山崎:照れ隠しなんだろうけどね。ただ、歌詞では女の子のほうが<最後は私がフラれると思うな>って伝えているけど、きっと男の子のほうがいずれフラれるんだと思う。「とりあえず」とか言って、余裕ぶっていたけれど、結局は自分がフラれて、あぁ…あんな時期もあったんだなって「花束」を歌っている。…という設定で聴いています(笑)。聴き手がいろいろ想像できる歌詞って良いよね。

リリィ:そういう意味だと、YUIさんの「Good-bye days」も好きだなぁ。あの歌詞って<だからいま 会いにゆく そう決めたんだ>って始まるじゃん。もう最初の<だから>でそれまでのストーリーを誰もがイメージできる。僕は自分の「約束」という曲の始まりが<でも、もし生まれ変わったらその時は探すからね。>なんですけど、その<でも>の使い方は、完全にYUIさんから影響を受けたものですね。
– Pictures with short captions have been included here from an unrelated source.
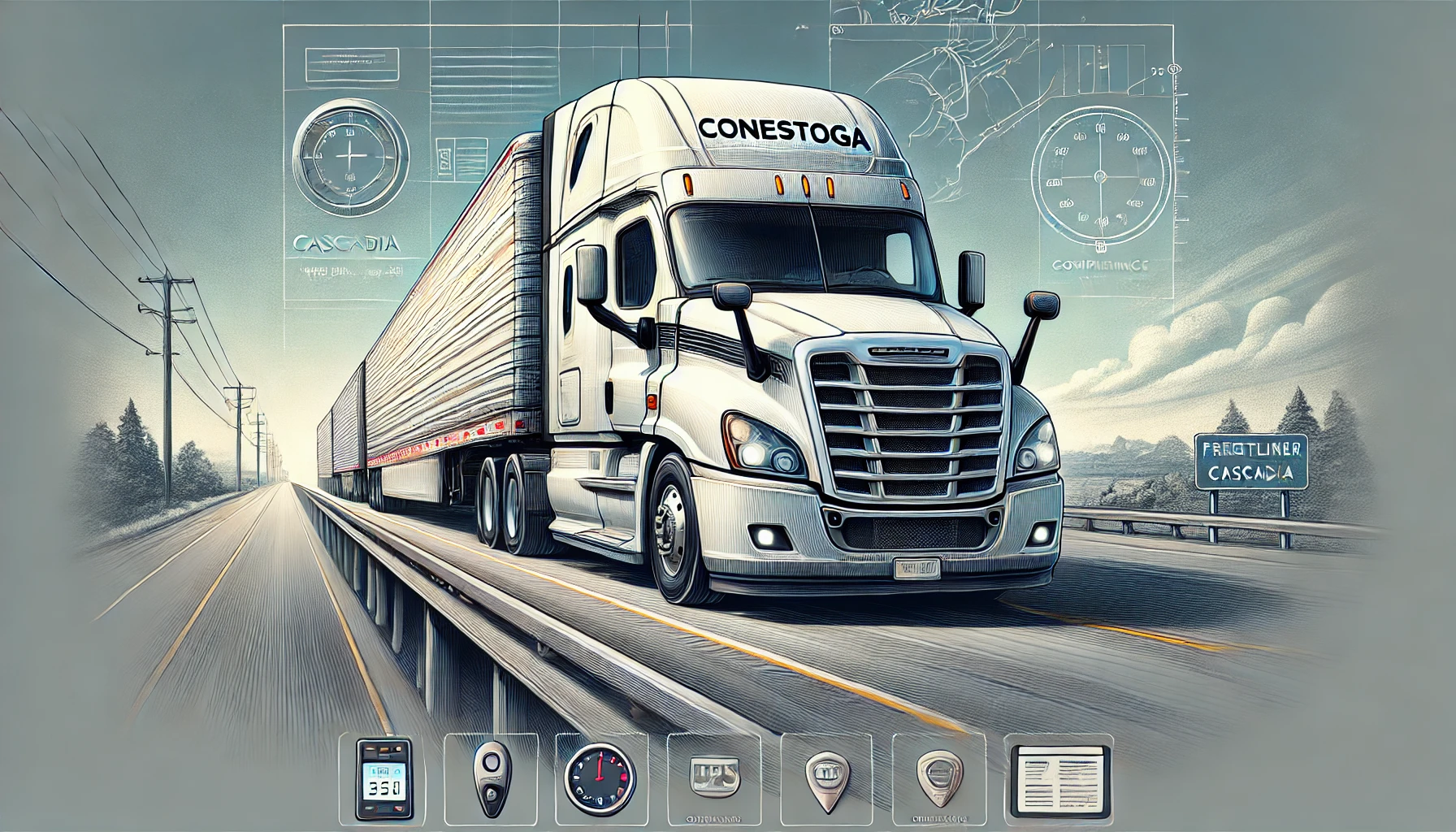 Essential Equipment for Conestoga Truck Dispatch in the USA: A Complete Guide for Drivers 1 Equipment for Conestoga Truck Dispatch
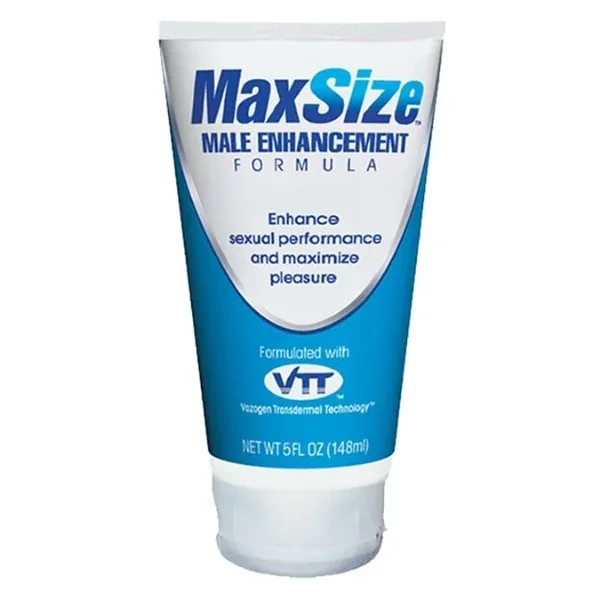 MAX SIZE CREAM 5OZ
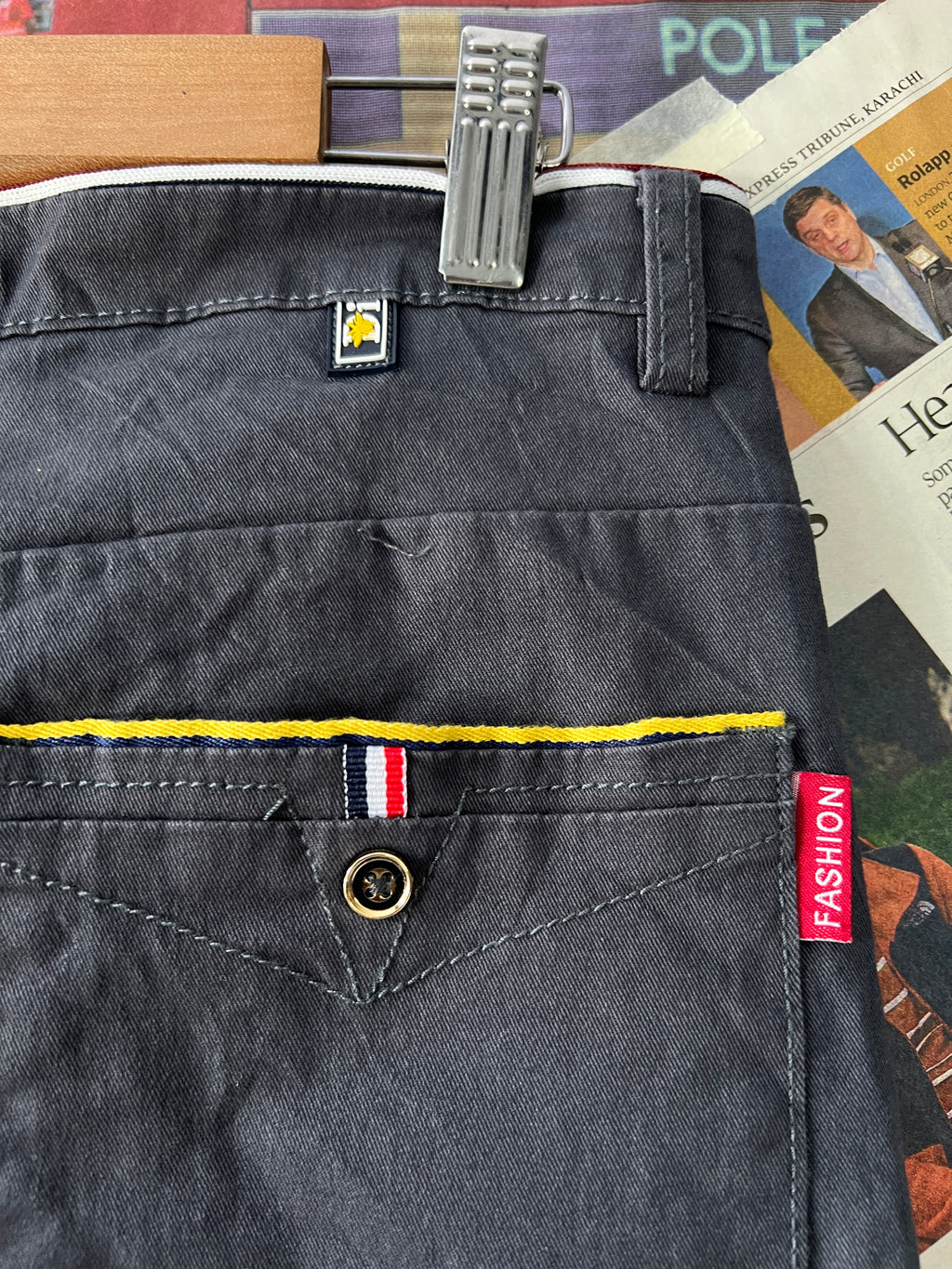 FASHION® Grey | Waist: 32" | B95 - My Store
― YUIマニアとして、あおいさんイチオシの曲というと?

山崎:そうだなぁ…。YUIさんは歌詞単体というより、メロディーと併せてのフレーズの使い方がすごいなぁと思っていて。めっちゃ好きなのは「Blue wind」という曲。サビの終わり前まで、わりと高いキーで歌っていたのに、ラストオチのところで<もっと気のきいたこと言ってよ>とひと言入れるのが、上手い~!って。

YOU あなたが言った 神様はきっと見てるよって
YOU 初めて笑えた もっと気のきいたこと言ってよ
「Blue wind」/YUI

山崎:いつも締めが洒落ているんですよ。たとえば「I will love you」という曲も、ずっと<I will love you.>って歌っているんですけど、最後だけ<I love you>なんです。おいしいぜ~!って思います(笑)。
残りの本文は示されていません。